« Se dresser sur les épaules de géants permet de leur botter les dents plus facilement ». Cette incise digne des Monty Python résume à elle seule l’attitude de Mostly Other People Do The Killing, combo new-yorkais emporté par le contrebassiste Moppa Elliott : les Mostly Other People Do The Killing connaissent leur histoire du jazz sur le bout des doigts, ils la révèrent chaque jour en répétant inlassablement tous ses licks, mais ils ne le montrent jamais mieux que lorsqu’ils s’en moquent. Ce à quoi ils s’emploient crânement tout le long de This is our moosic, troisième de leurs albums studio.
Lassé des contradictions du jazz mainstream actuel, qui se complaît dans un postmodernisme de mauvais aloi (cf. le « néo-bop » de Wynton Marsalis, révérence aveugle et sourde au be-bop des années 40), Moppa Elliott fait un pari ambitieux : assumer l’héritage musical de l’histoire du jazz sans se compromettre. « Plutôt que de créer une musique qui s’insère dans une ‘tradition’ plus ou moins artificielle, ou qui rejette totalement le jazz, j’aimerais créer une musique qui retourne la crise d’identité du jazz contre elle-même, en empilant autant d’associations musicales insensées que possible ; j’aimerais créer une musique qui soit consciente de ses propres incohérences, incongruités et contradictions, et qui s’en satisfasse. Se dresser sur les épaules de géants permet de leur botter les dents plus facilement ».
Le contrebassiste s’entoure à cet effet de musiciens caméléons aussi savants et culottés que lui. Aux cuivres, les volubiles Peter Evans (trompette) et Jon Irabagon (saxophones), dont le phrasé n’est pas moins expressif que virtuose ; à la batterie, l’explosif Kevin Shea, à la dynamique autant punk que jazz. Tous les quatre rendent un hommage impertinent aux courants qui ont traversés l’histoire du jazz, du blues (Effort, patience, diligence) au post-bop (Fagundus), en passant par le dixieland (Two boot jacks), le swing (Biggertown) et le boogaloo (Drainlick). A chaque fois, les formes sont plus esquissées à grands traits qu’établies fermement, de sorte qu’il n’est point besoin de faire oeuvre de déconstruction pour s’en émanciper ; structures, progressions d’accords et gammes traditionnelles ne sont qu’un tremplin grâce auquel les musiciens s’envolent, les cuivres sautant joyeusement de motifs pentatoniques en solos free et la batterie de chabadas confortables en des escapades tourmentées dignes du solo introductif d’Art Taylor aux expérimentations hallucinées du saxophone de John Coltrane (Countdown, Giant steps, 1959).

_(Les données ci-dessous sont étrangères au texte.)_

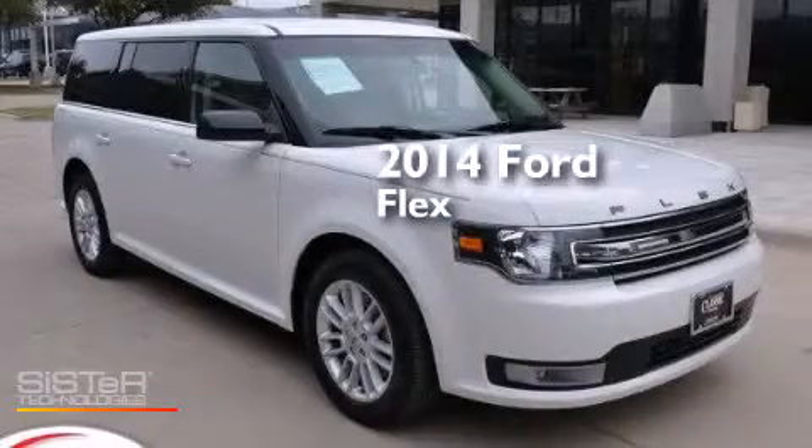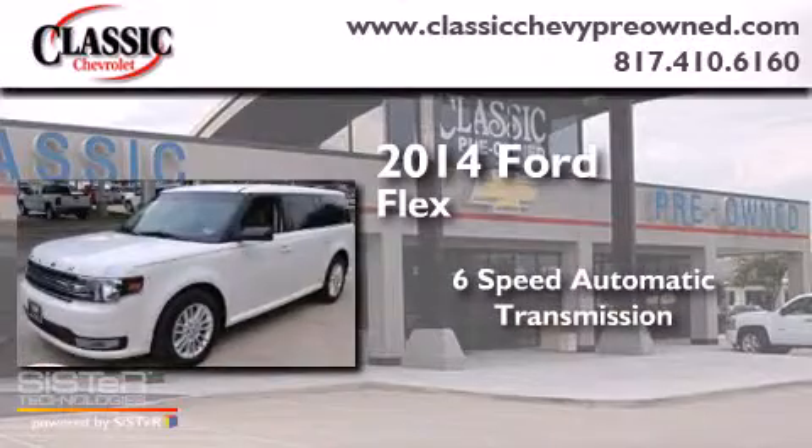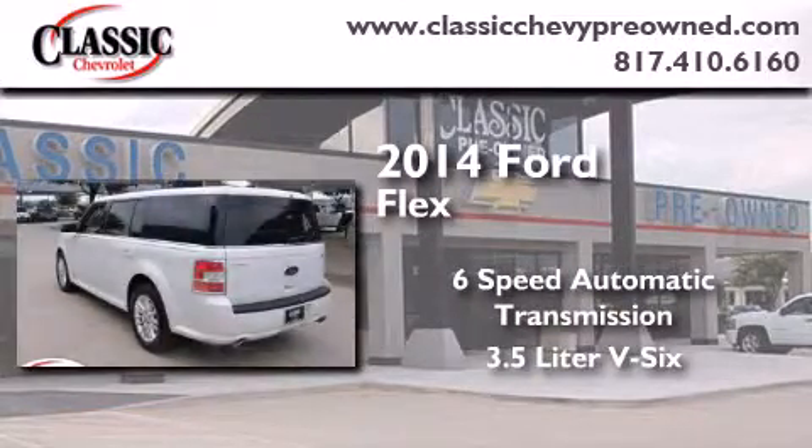This is a 2014 Ford Flex. This crossover has a 6-speed automatic transmission and a 3.5-liter V6.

Non-linéarité, stratification, fragmentation ; la figure tutélaire de Moppa Elliott et de ses comparses, c’est bien sûr Ornette Coleman. Le titre de l’album (référence au This is our music de 1960), sa pochette (parfaite réplique de ce dernier) ne sont que des clins d’œils destinés à orienter l’écoute ; le véritable hommage est musical. Outre son instrumentation (le fameux duo de Don Cherry et d’Ornette Coleman trouve un digne reflet dans celui de Peter Evans et de Jon Irabagon), Mostly Other People Do The Killing emprunte au génial compositeur sa conception radicale du rapport entre structure et liberté (les pièces du combo oscillent sans cesse entre cohésion et chaos), et son goût certain pour une approche non hiérarchique des interventions (les idées musicales volent d’un côté à l’autre sans que l’on sache jamais qui mène la conversation). Cette année, Mostly Other People Do The Killing était nominé par la Jazz Journalists Association au prix du « meilleur petit ensemble ». Autre nominé, et finalement grand gagnant, Ornette Coleman lui-même. La prochaine fois, peut-être…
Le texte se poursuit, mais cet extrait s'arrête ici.